- WORK TO COMPLETE: Print the data that follows exactly as it stands, from its first line through the line containing "Obraz premium Serene", and stop there.

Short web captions
* * * * *
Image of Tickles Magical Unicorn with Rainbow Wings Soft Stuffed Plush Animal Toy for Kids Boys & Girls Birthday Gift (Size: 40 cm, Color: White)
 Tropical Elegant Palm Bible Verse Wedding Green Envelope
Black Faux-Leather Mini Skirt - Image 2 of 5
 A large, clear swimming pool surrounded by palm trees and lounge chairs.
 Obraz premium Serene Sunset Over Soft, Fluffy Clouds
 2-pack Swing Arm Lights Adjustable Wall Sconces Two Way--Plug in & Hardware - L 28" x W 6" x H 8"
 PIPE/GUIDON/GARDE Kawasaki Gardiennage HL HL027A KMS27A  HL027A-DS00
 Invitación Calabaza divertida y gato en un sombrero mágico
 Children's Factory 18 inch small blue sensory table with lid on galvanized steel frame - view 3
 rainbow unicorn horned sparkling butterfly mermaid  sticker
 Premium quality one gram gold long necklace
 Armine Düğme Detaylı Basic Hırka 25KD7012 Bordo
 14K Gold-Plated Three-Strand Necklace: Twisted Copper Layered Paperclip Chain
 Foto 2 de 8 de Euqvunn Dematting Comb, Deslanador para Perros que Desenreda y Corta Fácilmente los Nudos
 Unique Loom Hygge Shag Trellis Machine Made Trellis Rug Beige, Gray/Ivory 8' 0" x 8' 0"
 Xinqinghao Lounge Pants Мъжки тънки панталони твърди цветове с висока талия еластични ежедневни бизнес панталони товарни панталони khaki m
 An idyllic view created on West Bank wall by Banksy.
* * * * *
- SOLUTION TO THIS PROBLEM:
Image of Tickles Magical Unicorn with Rainbow Wings Soft Stuffed Plush Animal Toy for Kids Boys & Girls Birthday Gift (Size: 40 cm, Color: White)
 Tropical Elegant Palm Bible Verse Wedding Green Envelope
Black Faux-Leather Mini Skirt - Image 2 of 5
 A large, clear swimming pool surrounded by palm trees and lounge chairs.
 Obraz premium Serene Sunset Over Soft, Fluffy Clouds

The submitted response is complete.